BRIEF -> Retype word for word the stretch of entries below from the line that has "In this video, I'm going to show" through the line that has "And finally we", and omit the pictures.

===== GIVEN DATA =====

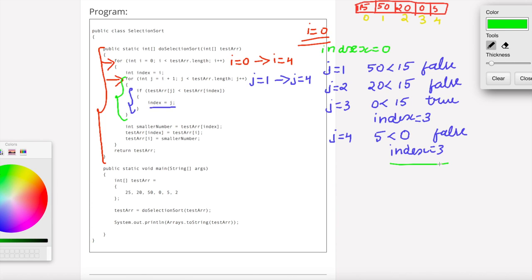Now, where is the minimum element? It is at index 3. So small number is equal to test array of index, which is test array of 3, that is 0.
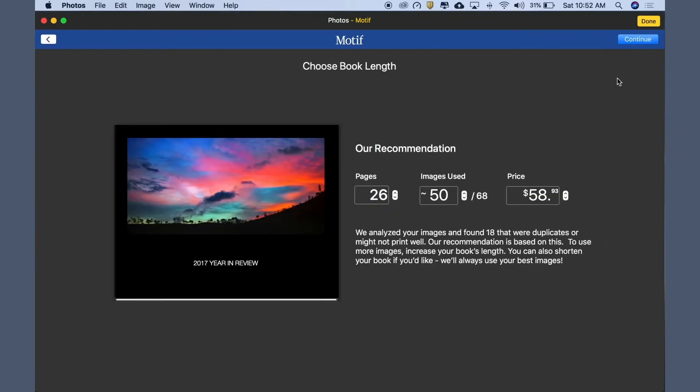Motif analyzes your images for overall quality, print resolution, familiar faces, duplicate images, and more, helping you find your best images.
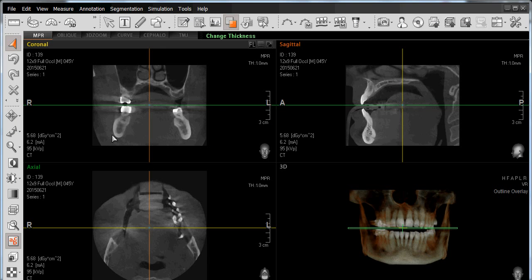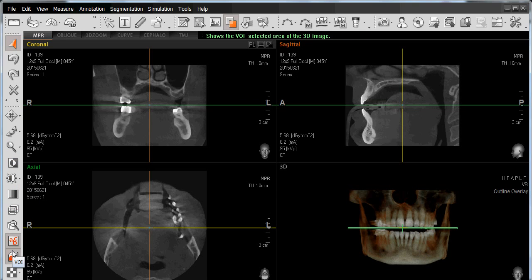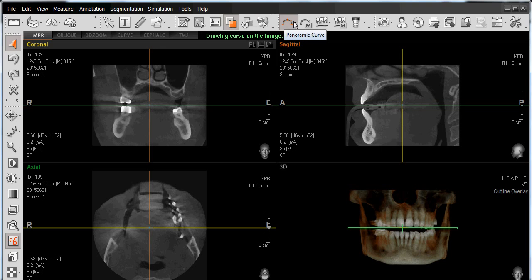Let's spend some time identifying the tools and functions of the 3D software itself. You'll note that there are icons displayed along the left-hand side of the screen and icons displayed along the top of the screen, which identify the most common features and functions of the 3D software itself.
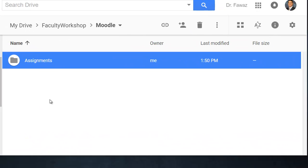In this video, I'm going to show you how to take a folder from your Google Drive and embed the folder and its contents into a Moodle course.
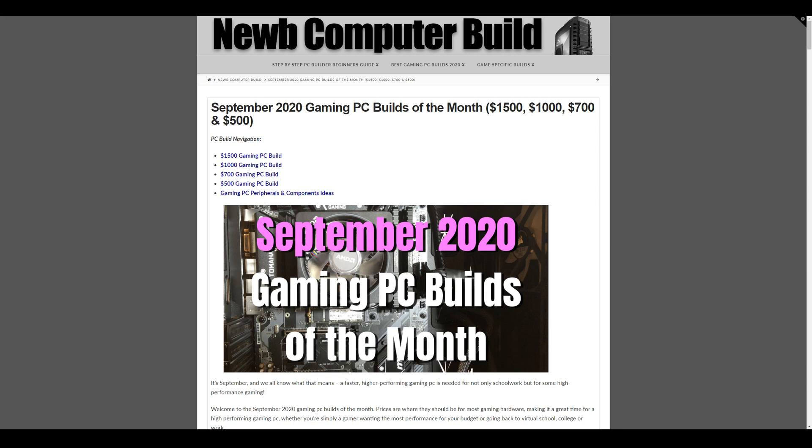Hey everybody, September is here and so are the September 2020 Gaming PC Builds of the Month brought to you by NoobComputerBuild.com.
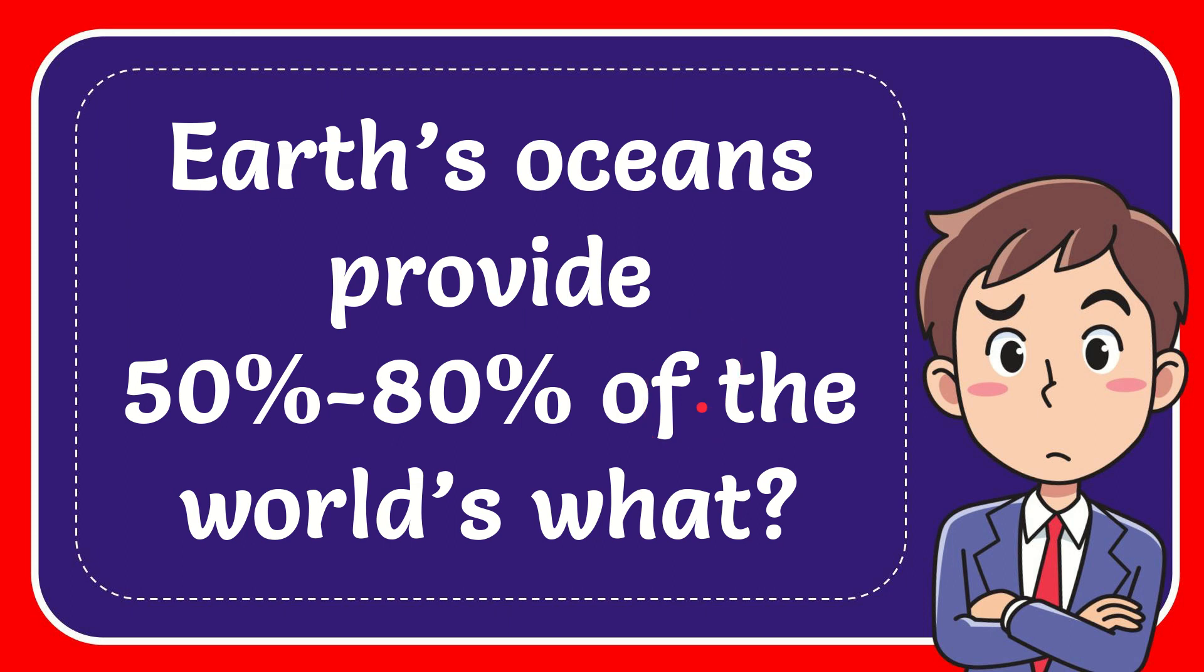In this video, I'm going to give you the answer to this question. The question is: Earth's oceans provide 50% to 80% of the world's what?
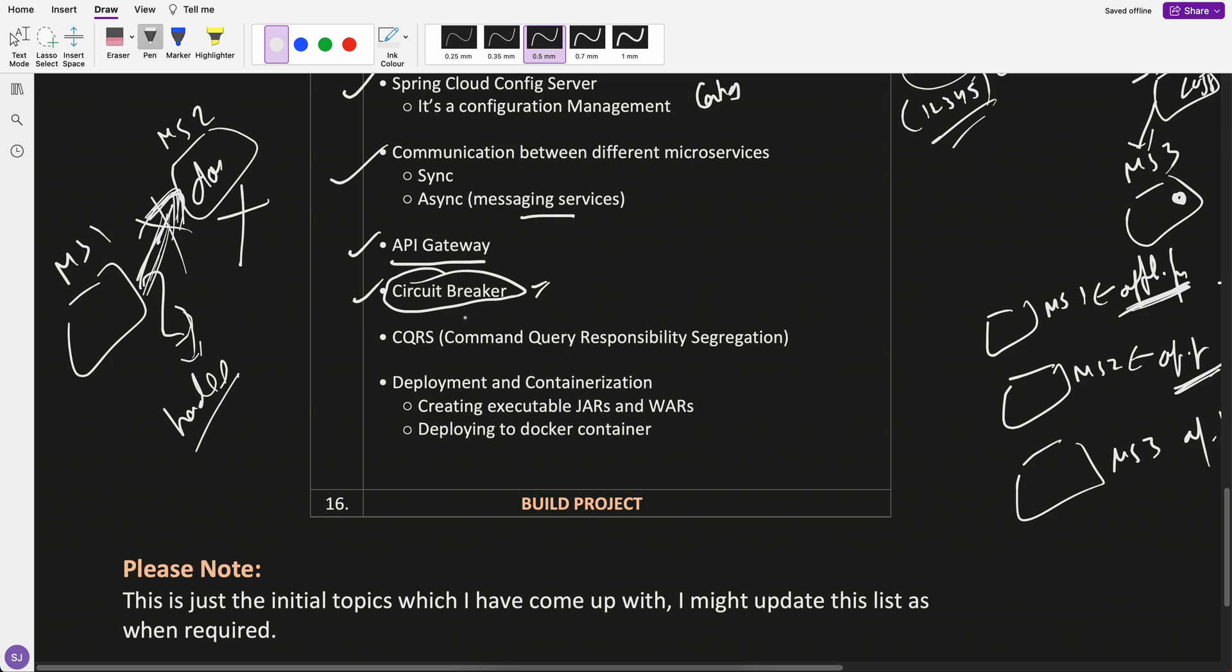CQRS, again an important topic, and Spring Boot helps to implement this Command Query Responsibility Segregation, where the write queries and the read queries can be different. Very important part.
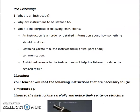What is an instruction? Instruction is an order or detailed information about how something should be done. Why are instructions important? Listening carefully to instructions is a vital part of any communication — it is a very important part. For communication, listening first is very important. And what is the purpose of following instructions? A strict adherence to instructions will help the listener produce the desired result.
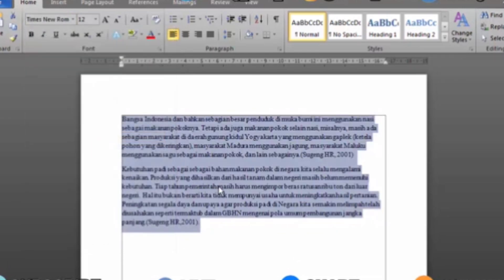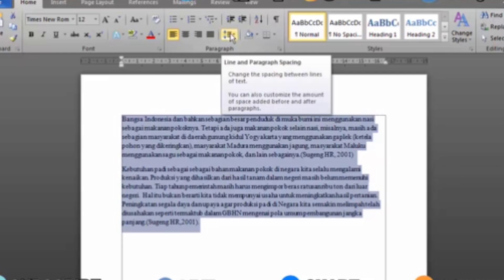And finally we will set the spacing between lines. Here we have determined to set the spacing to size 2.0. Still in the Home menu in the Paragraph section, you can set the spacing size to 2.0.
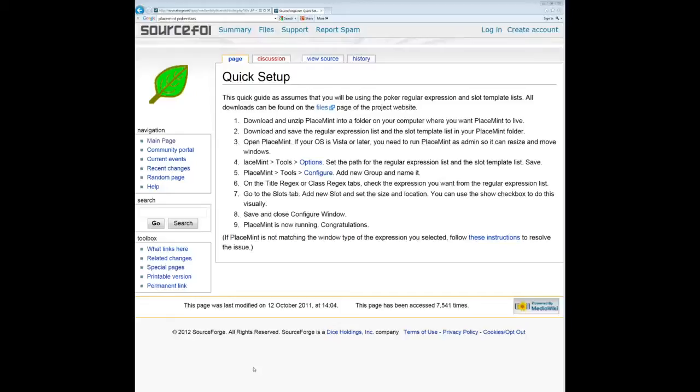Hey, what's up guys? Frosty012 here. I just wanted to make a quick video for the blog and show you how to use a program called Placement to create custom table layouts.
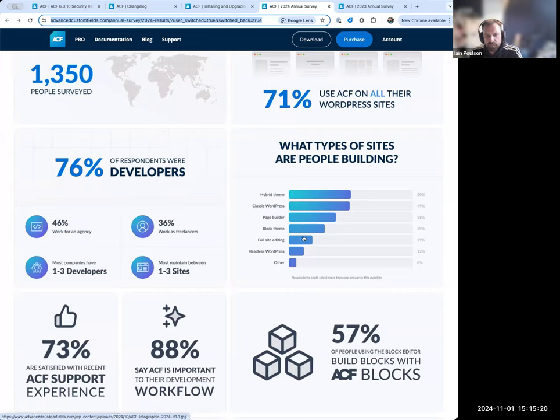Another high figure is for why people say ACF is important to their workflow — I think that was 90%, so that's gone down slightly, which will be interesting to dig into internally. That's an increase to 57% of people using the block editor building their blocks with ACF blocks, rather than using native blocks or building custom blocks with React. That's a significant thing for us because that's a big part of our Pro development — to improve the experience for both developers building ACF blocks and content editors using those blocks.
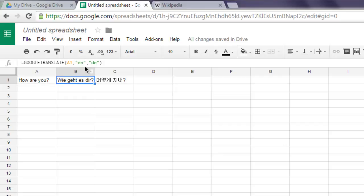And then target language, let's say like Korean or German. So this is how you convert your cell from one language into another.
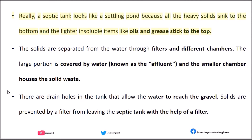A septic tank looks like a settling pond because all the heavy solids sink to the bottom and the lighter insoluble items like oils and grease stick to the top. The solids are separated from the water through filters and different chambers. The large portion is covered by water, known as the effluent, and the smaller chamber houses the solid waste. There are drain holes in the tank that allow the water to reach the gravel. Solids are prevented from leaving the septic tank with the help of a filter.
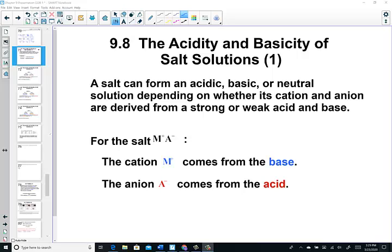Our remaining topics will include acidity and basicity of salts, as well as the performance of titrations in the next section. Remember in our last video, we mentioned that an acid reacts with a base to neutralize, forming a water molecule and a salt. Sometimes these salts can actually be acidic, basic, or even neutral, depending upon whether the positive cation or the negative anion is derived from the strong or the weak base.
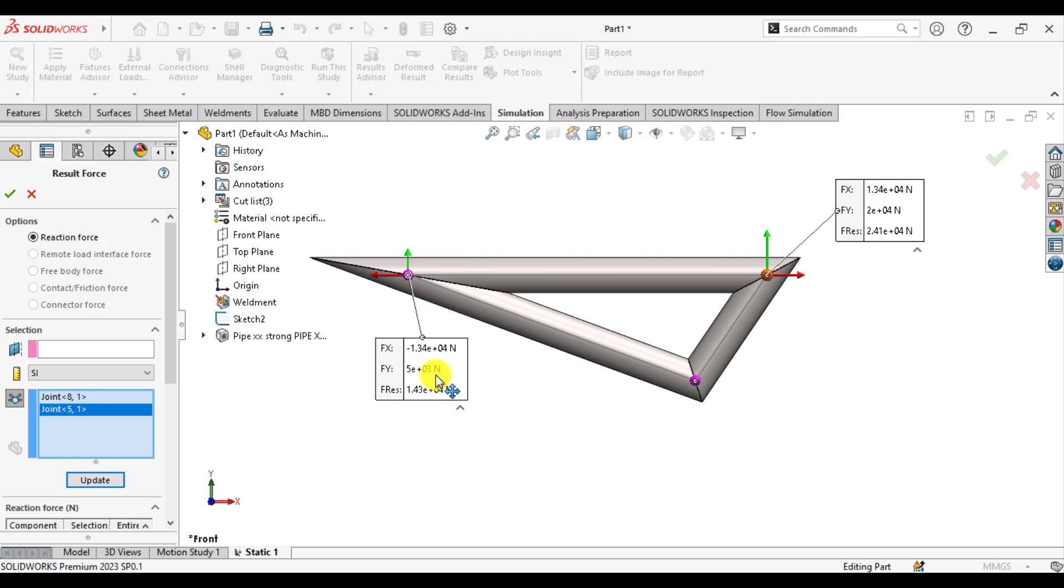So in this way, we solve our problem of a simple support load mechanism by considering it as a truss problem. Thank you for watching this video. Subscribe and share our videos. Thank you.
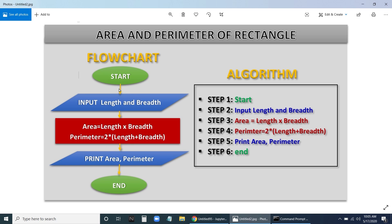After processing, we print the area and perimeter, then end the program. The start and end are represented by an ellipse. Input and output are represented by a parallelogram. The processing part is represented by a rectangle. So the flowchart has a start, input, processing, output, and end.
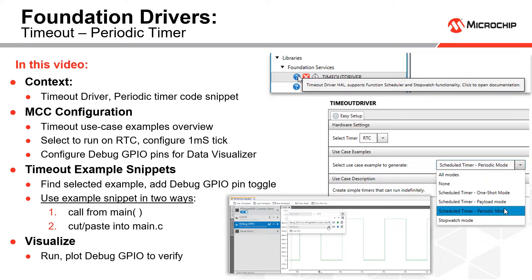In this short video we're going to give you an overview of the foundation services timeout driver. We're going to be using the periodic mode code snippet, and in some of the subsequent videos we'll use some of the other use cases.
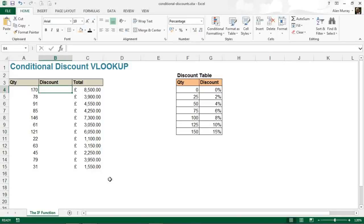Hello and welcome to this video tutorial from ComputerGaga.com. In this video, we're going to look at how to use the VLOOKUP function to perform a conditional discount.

=====

ANSWER TO THE PROBLEM ->
In this video, I'm going to show you how to take a folder from your Google Drive and embed the folder and its contents into a Moodle course.
Hey everybody, September is here and so are the September 2020 Gaming PC Builds of the Month brought to you by NoobComputerBuild.com.
In this video, I'm going to give you the answer to this question. The question is: Earth's oceans provide 50% to 80% of the world's what?
CQRS, again an important topic, and Spring Boot helps to implement this Command Query Responsibility Segregation, where the write queries and the read queries can be different. Very important part.
What is an instruction? Instruction is an order or detailed information about how something should be done. Why are instructions important? Listening carefully to instructions is a vital part of any communication — it is a very important part. For communication, listening first is very important. And what is the purpose of following instructions? A strict adherence to instructions will help the listener produce the desired result.
And finally we will set the spacing between lines. Here we have determined to set the spacing to size 2.0. Still in the Home menu in the Paragraph section, you can set the spacing size to 2.0.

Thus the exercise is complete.